→ **TASK DESCRIPTION**
Copy out exactly every line from the line containing "Magnetic Impact-Resistant Phone" until the records below end, inclusive of both boundary lines.

*** Begin section ***

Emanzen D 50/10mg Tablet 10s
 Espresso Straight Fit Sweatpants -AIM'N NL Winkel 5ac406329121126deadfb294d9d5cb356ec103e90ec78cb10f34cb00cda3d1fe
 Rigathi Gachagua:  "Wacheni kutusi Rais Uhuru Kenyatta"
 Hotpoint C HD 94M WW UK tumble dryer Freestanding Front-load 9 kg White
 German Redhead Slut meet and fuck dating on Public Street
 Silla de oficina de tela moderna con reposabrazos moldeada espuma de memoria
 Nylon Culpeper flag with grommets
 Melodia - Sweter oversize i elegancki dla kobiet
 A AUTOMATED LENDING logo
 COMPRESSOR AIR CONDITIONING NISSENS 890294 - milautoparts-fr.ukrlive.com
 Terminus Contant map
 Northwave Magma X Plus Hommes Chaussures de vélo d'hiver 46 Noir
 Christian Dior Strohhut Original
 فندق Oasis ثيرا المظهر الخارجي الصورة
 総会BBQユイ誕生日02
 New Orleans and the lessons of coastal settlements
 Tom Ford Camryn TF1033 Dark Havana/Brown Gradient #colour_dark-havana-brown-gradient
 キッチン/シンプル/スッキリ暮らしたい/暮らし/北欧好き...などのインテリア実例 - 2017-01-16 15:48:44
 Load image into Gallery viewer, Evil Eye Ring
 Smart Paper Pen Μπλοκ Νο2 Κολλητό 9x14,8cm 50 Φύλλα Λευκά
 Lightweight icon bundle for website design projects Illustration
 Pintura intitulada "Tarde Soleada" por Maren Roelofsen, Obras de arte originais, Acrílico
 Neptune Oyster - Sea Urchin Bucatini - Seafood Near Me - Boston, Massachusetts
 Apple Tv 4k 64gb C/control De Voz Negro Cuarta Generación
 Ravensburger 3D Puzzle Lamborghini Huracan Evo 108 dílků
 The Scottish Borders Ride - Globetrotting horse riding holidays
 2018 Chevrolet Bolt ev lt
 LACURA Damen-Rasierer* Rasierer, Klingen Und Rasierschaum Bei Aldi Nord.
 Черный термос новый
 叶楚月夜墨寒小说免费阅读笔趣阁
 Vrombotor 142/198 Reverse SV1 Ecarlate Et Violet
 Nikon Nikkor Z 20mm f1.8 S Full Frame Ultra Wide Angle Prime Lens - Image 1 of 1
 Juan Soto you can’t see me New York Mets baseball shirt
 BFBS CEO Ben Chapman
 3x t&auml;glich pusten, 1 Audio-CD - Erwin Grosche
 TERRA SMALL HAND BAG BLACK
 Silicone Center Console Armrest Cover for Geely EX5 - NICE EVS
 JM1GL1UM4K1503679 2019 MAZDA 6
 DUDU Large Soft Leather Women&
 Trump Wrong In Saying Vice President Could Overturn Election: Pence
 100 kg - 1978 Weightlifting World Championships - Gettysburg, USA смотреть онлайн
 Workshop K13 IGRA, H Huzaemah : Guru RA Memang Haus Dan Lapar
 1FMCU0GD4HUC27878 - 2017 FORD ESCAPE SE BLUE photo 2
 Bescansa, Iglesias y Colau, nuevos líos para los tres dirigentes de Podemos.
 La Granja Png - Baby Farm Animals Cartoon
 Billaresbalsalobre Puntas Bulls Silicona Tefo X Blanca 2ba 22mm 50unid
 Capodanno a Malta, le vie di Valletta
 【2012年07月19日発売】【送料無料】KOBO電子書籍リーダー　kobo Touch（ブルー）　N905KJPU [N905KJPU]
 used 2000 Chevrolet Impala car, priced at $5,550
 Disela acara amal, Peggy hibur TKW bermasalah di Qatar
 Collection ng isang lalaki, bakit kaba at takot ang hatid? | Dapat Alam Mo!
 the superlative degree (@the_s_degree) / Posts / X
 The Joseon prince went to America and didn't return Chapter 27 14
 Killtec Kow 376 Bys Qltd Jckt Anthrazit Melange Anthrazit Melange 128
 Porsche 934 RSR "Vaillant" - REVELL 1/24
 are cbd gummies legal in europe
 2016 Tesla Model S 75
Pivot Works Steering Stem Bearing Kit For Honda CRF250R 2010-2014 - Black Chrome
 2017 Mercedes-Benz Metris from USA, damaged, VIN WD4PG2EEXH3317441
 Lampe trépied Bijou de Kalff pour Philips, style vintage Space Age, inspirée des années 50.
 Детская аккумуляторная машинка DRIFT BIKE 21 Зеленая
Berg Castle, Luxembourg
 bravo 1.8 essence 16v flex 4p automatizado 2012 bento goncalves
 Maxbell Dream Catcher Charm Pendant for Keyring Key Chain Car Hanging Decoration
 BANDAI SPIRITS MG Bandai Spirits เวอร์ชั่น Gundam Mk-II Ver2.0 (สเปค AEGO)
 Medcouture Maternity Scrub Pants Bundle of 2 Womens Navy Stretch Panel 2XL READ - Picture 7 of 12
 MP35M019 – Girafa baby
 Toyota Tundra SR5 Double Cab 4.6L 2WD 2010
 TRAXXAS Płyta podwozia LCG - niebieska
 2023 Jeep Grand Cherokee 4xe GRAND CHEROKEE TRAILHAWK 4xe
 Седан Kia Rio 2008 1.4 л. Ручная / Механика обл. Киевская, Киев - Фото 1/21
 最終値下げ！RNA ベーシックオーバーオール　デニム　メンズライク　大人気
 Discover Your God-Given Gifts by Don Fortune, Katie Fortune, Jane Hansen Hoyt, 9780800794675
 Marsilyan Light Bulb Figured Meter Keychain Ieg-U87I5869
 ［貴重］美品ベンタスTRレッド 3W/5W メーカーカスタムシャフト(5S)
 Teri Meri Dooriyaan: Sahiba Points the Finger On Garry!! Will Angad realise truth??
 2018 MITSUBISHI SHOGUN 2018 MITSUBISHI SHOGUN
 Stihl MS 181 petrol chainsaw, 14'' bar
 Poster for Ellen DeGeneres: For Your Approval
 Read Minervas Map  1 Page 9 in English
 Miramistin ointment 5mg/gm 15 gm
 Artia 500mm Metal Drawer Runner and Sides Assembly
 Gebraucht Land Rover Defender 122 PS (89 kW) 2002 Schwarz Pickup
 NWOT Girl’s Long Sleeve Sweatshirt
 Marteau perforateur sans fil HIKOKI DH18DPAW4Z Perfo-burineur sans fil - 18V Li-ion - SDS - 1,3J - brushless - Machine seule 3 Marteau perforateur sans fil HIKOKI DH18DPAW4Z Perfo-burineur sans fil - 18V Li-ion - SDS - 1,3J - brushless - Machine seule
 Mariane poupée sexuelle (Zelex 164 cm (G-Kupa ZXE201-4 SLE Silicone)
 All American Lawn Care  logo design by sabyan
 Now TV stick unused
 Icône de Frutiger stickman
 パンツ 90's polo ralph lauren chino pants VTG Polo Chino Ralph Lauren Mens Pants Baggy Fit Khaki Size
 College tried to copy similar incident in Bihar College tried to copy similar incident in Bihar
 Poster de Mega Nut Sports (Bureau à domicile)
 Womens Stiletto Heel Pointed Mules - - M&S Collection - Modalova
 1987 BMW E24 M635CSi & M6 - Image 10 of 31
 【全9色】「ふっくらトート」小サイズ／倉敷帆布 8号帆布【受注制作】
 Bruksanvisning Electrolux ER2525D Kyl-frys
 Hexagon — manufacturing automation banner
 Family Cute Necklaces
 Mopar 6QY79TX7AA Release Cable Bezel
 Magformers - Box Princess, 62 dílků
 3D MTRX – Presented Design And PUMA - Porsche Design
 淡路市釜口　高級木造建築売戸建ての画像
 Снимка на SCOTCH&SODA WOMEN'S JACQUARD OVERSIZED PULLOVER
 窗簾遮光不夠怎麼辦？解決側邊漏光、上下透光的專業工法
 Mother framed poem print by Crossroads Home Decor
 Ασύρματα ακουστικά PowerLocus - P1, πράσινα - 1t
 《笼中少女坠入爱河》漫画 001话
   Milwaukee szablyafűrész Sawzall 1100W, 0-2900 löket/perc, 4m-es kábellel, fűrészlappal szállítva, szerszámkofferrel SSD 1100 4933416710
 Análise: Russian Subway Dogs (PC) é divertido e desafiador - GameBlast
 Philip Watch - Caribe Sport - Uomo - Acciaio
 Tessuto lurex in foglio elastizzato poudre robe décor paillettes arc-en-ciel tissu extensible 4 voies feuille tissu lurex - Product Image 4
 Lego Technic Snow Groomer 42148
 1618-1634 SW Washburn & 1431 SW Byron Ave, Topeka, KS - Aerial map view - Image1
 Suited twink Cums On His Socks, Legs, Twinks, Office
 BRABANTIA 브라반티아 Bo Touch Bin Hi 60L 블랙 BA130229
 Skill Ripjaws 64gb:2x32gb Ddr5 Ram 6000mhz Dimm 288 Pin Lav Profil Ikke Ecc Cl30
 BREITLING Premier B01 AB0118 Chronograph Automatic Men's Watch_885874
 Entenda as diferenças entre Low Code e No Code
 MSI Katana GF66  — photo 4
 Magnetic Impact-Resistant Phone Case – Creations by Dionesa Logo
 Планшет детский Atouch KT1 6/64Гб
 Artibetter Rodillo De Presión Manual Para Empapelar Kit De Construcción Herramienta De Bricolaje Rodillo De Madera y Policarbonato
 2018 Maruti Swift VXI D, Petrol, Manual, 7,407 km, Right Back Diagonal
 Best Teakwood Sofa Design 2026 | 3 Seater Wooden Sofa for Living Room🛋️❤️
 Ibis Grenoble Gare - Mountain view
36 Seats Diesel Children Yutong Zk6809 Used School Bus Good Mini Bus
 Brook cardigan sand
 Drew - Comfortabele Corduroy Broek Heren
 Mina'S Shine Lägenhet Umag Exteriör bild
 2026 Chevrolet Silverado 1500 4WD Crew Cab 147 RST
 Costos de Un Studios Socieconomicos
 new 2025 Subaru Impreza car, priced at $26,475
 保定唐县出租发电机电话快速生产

*** End section ***

→ **SOLUTION TO THE EXERCISE**
 Magnetic Impact-Resistant Phone Case – Creations by Dionesa Logo
 Планшет детский Atouch KT1 6/64Гб
 Artibetter Rodillo De Presión Manual Para Empapelar Kit De Construcción Herramienta De Bricolaje Rodillo De Madera y Policarbonato
 2018 Maruti Swift VXI D, Petrol, Manual, 7,407 km, Right Back Diagonal
 Best Teakwood Sofa Design 2026 | 3 Seater Wooden Sofa for Living Room🛋️❤️
 Ibis Grenoble Gare - Mountain view
36 Seats Diesel Children Yutong Zk6809 Used School Bus Good Mini Bus
 Brook cardigan sand
 Drew - Comfortabele Corduroy Broek Heren
 Mina'S Shine Lägenhet Umag Exteriör bild
 2026 Chevrolet Silverado 1500 4WD Crew Cab 147 RST
 Costos de Un Studios Socieconomicos
 new 2025 Subaru Impreza car, priced at $26,475
 保定唐县出租发电机电话快速生产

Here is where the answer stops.